DATA EXCERPTS Block Start

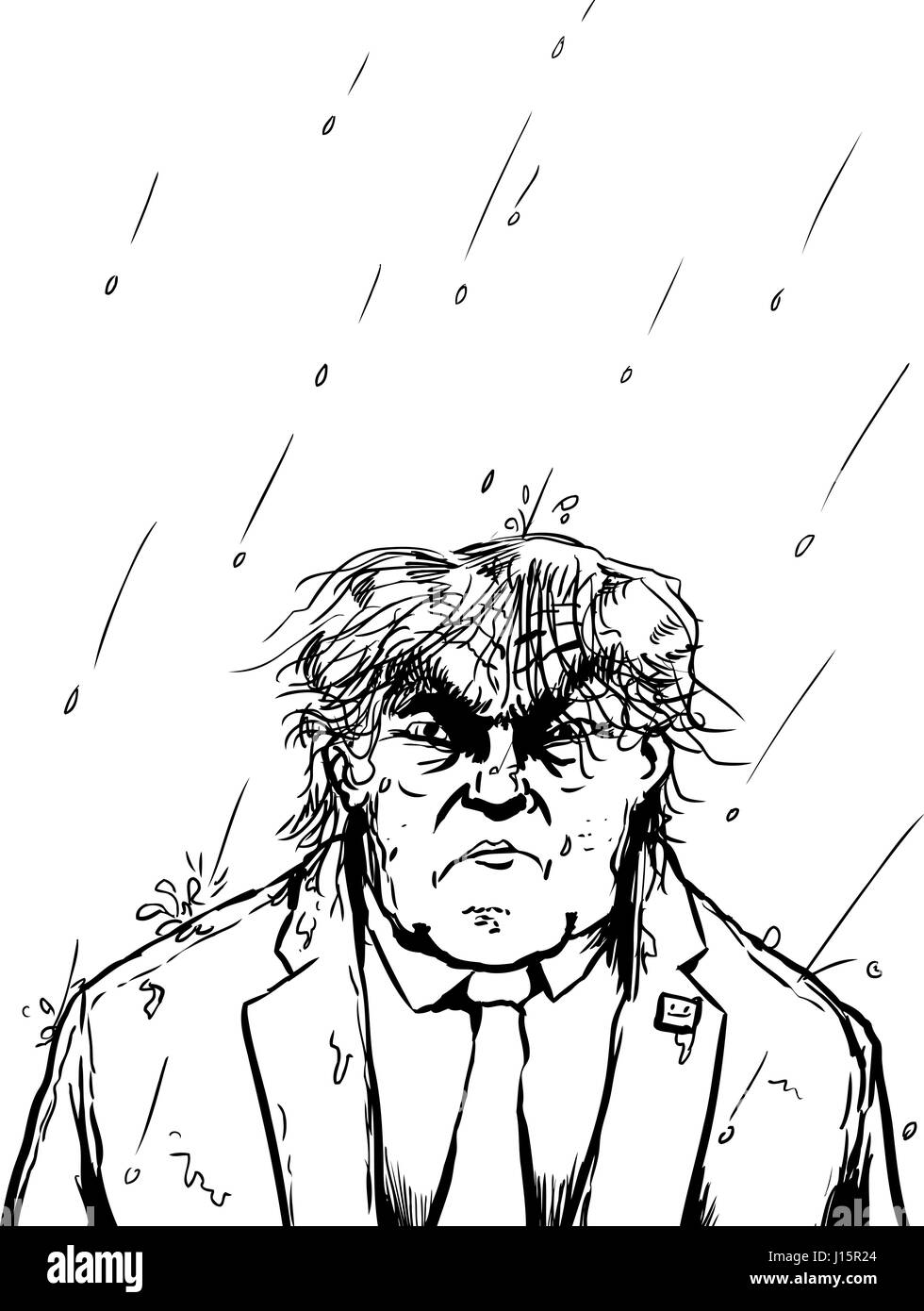 April 18, 2017. Outline cartoon of soaking wet Donald Trump in rain storm Stock Photo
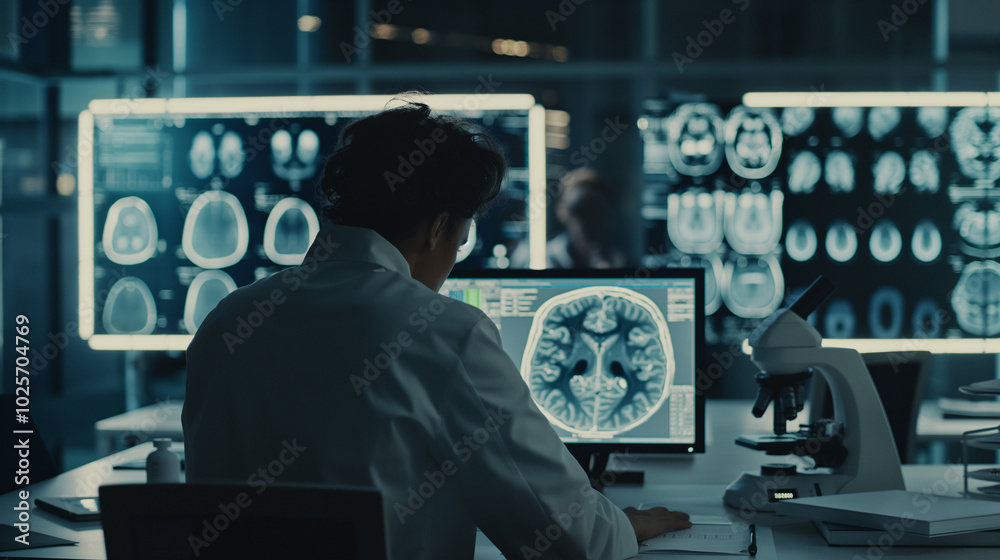 Scientist in lab coat analyzing brain scan on computer screen, surrounded by research papers and microscope, emphasizing focus on autism research and medical advancements. Scientist in lab coat analyzing brain scan on computer screen, surrounded by research papers and microscope, emphasizing focus on autism research and medical advancements.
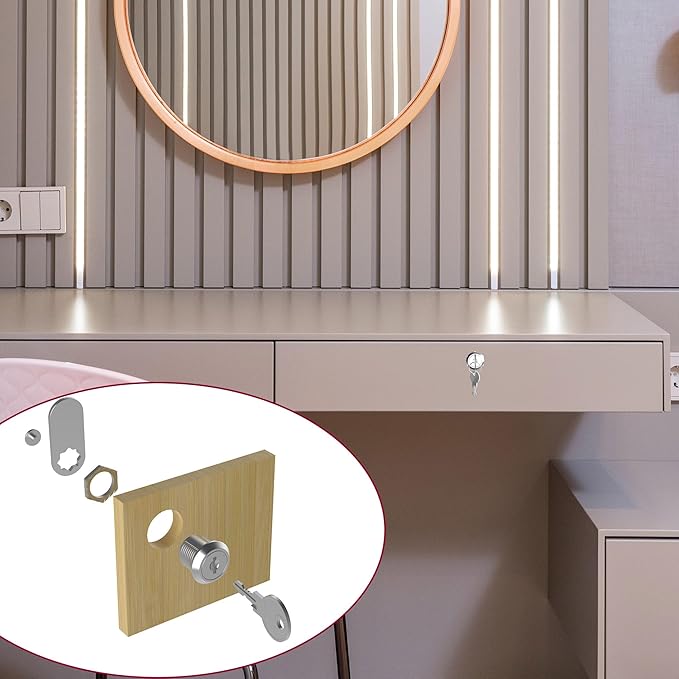 3 Pcs Mailbox Locks with Keys, Cabinet Lock with Key, Kitchen Cabinets Cam Locks 5/8" Keyed Alike, Drawer Desk Lock for Drawers and RV Storage Door, Zinc Alloy
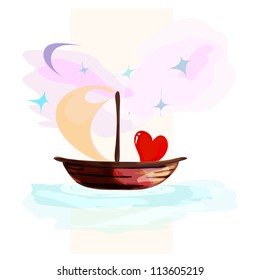 card with hearts floating on a boat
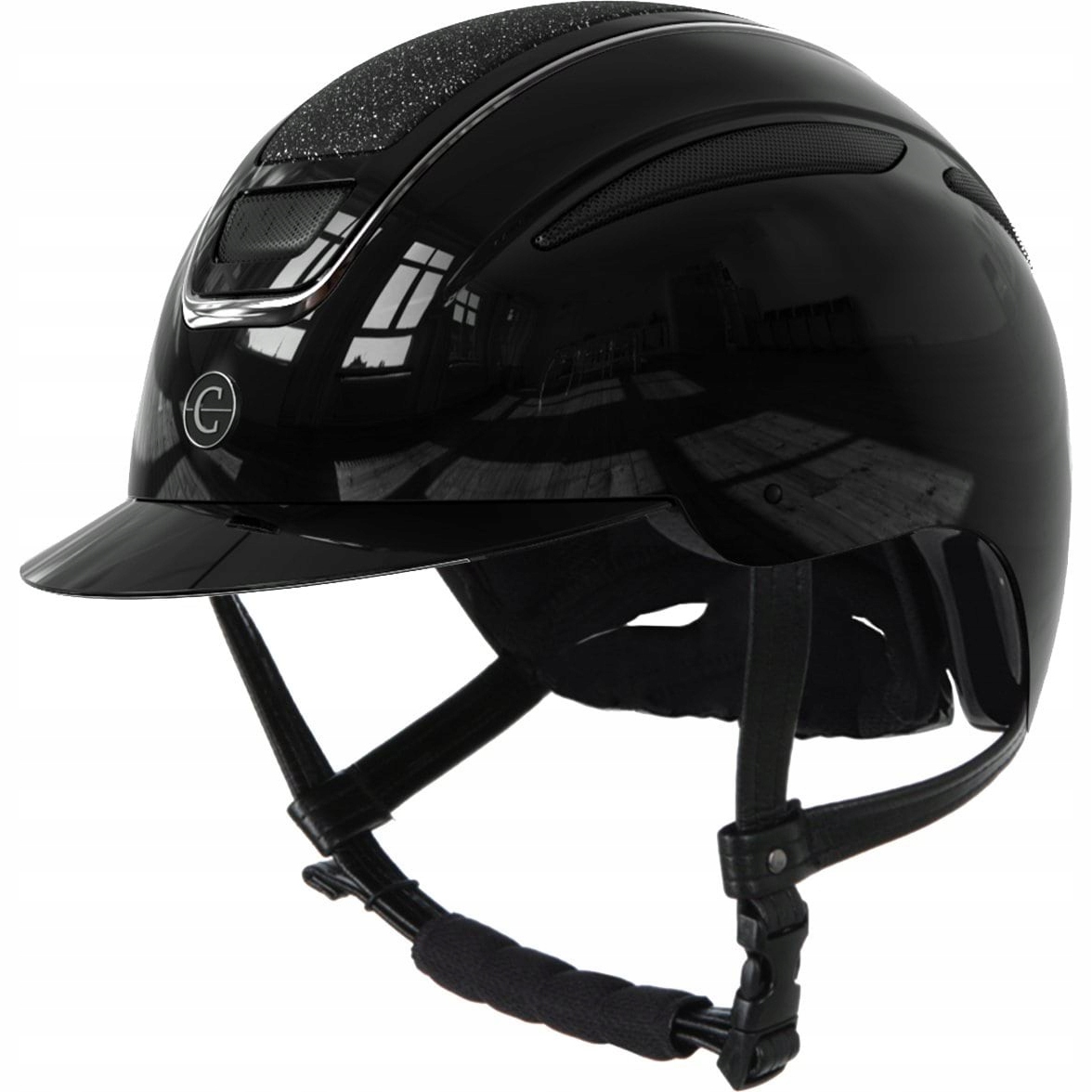 Kask jeździecki Elite, lakierowany czarny, 53-55 cm, Covalliero, C.A-323054 - obrazek 2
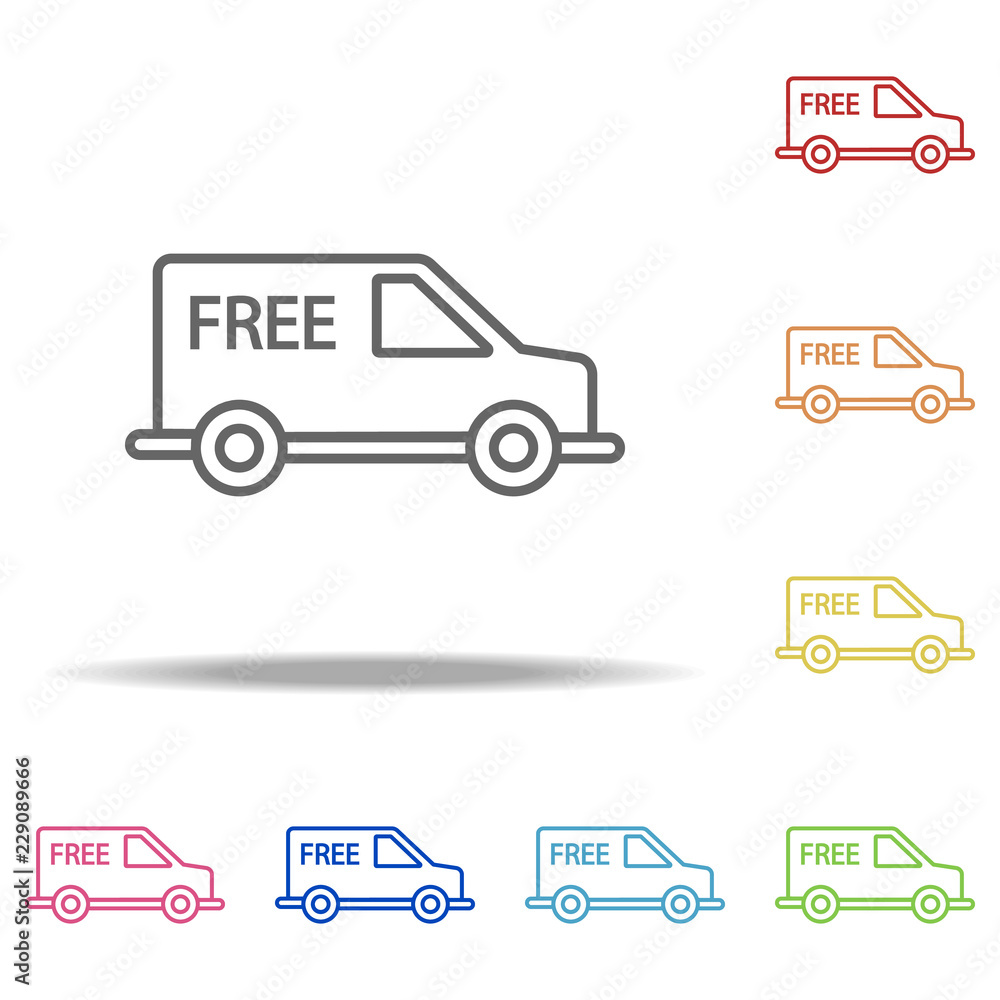 Poster free sending icon. elements of global logistics in multi color style icons. simple icon for websites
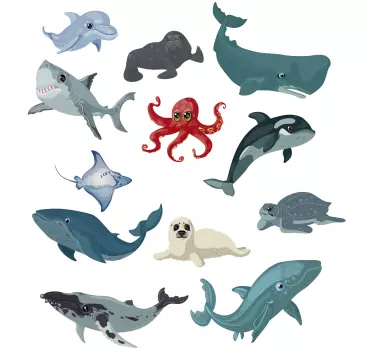 Sticker Mural Poisson Baleine dauphin requin tortue - TenStickers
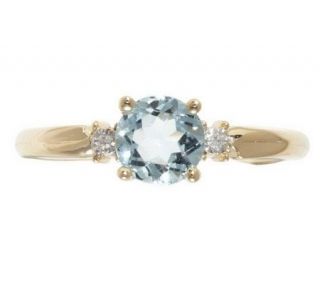 Round Aquamarine & Diamond Accent Ring, 14K Gold —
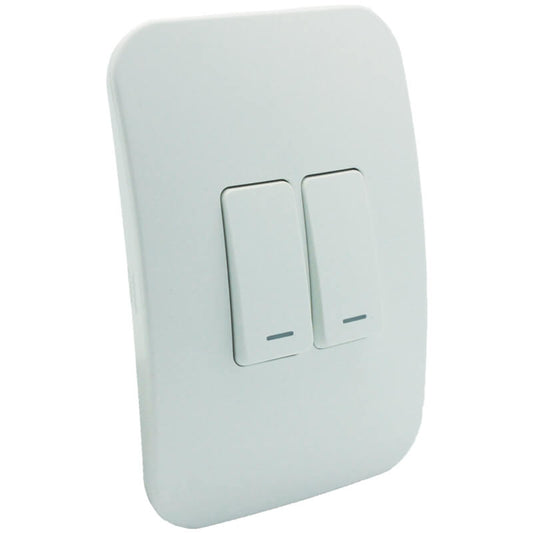Two Lever Light Switch - White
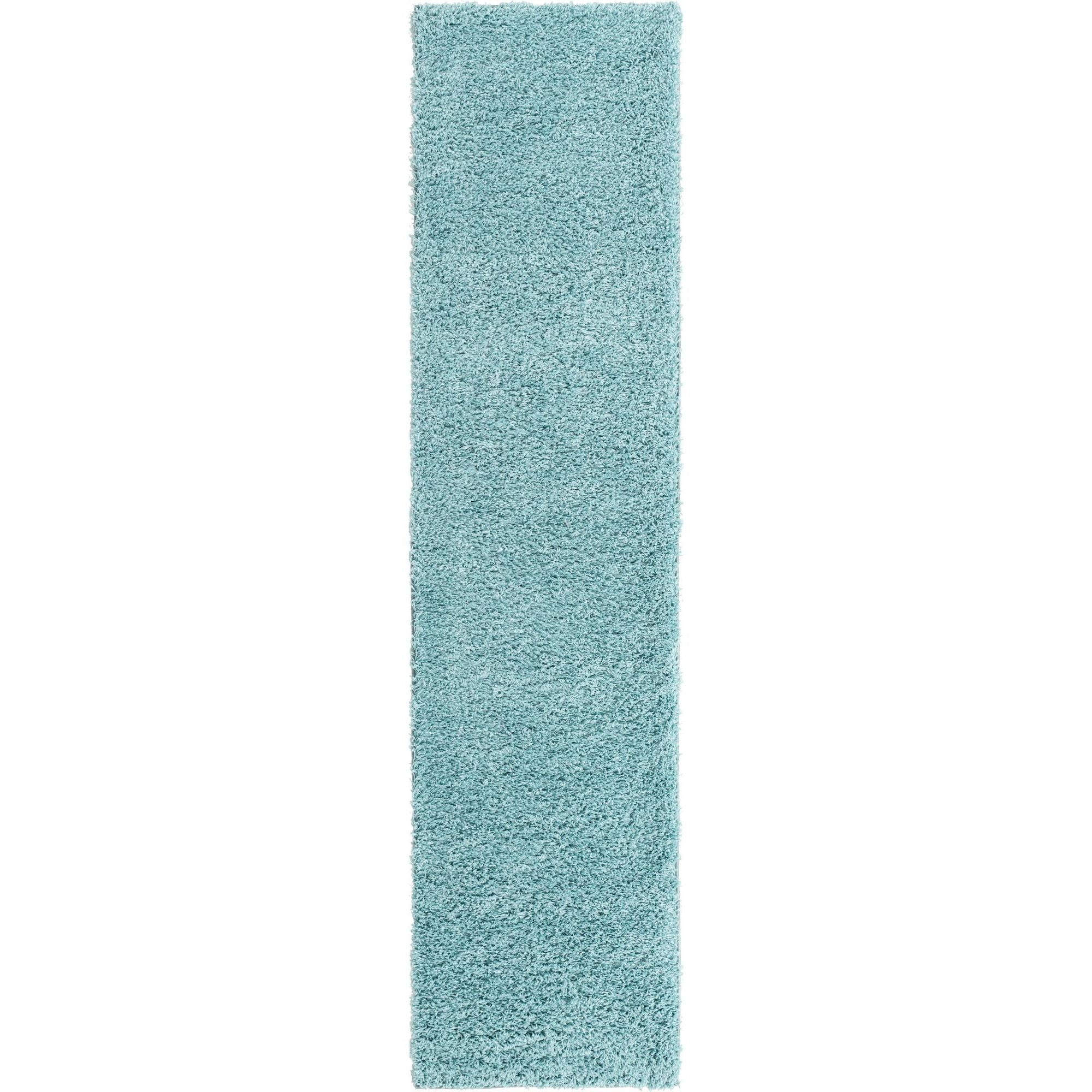 2.5' x 10' Turquoise Blue Solid Rectangular Area Throw Rug Runner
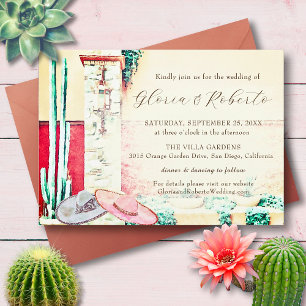 Mexican Wedding Cactus Garden Pastel Colours Invitation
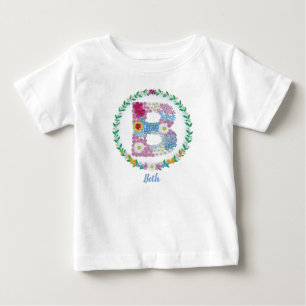 Flower Letters Initial "B" with Personalized name Baby T-Shirt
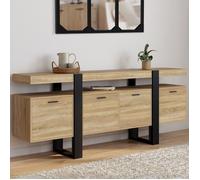 IDMarket - Buffet Enfilade 200 cm Phoenix XXL 4 Portes avec Niche Bois et Noir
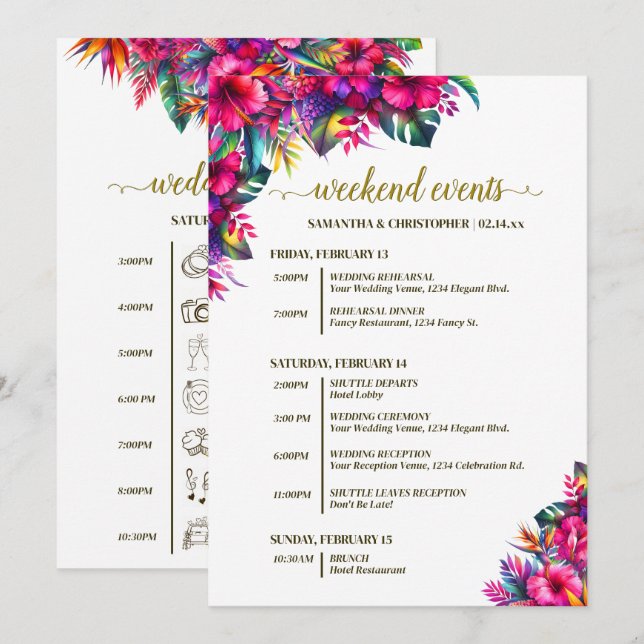 Tropical Garden Flowers Wedding Events & Timeline Programme (Front/Back)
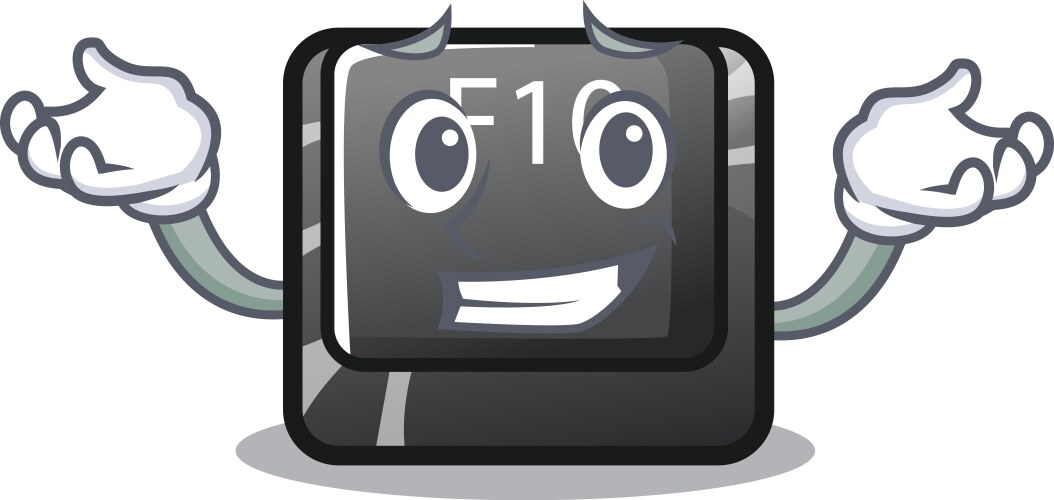 Grinning button f10 on a keyboard character vector image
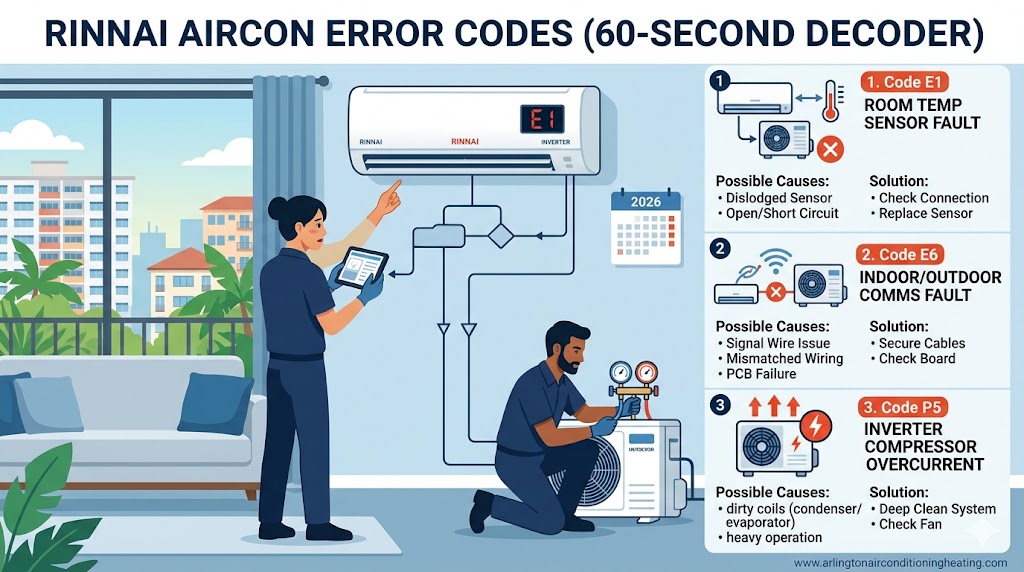 Professional 2026 diagnostic infographic for Rinnai aircon error codes, showing technicians using a tablet to decode E1, E6, and P5 faults for a residential inverter system.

DATA EXCERPTS Block End

**ASSIGNED TASK:** From top to bottom, restate the records above exactly and omit every picture.

**OUTPUT FOR THIS TASK:**
 April 18, 2017. Outline cartoon of soaking wet Donald Trump in rain storm Stock Photo
 Scientist in lab coat analyzing brain scan on computer screen, surrounded by research papers and microscope, emphasizing focus on autism research and medical advancements. Scientist in lab coat analyzing brain scan on computer screen, surrounded by research papers and microscope, emphasizing focus on autism research and medical advancements.
 3 Pcs Mailbox Locks with Keys, Cabinet Lock with Key, Kitchen Cabinets Cam Locks 5/8" Keyed Alike, Drawer Desk Lock for Drawers and RV Storage Door, Zinc Alloy
 card with hearts floating on a boat
 Kask jeździecki Elite, lakierowany czarny, 53-55 cm, Covalliero, C.A-323054 - obrazek 2
 Poster free sending icon. elements of global logistics in multi color style icons. simple icon for websites
 Sticker Mural Poisson Baleine dauphin requin tortue - TenStickers
 Round Aquamarine & Diamond Accent Ring, 14K Gold —
Two Lever Light Switch - White
 2.5' x 10' Turquoise Blue Solid Rectangular Area Throw Rug Runner
 Mexican Wedding Cactus Garden Pastel Colours Invitation
 Flower Letters Initial "B" with Personalized name Baby T-Shirt
 IDMarket - Buffet Enfilade 200 cm Phoenix XXL 4 Portes avec Niche Bois et Noir
 Tropical Garden Flowers Wedding Events & Timeline Programme (Front/Back)
 Grinning button f10 on a keyboard character vector image
 Professional 2026 diagnostic infographic for Rinnai aircon error codes, showing technicians using a tablet to decode E1, E6, and P5 faults for a residential inverter system.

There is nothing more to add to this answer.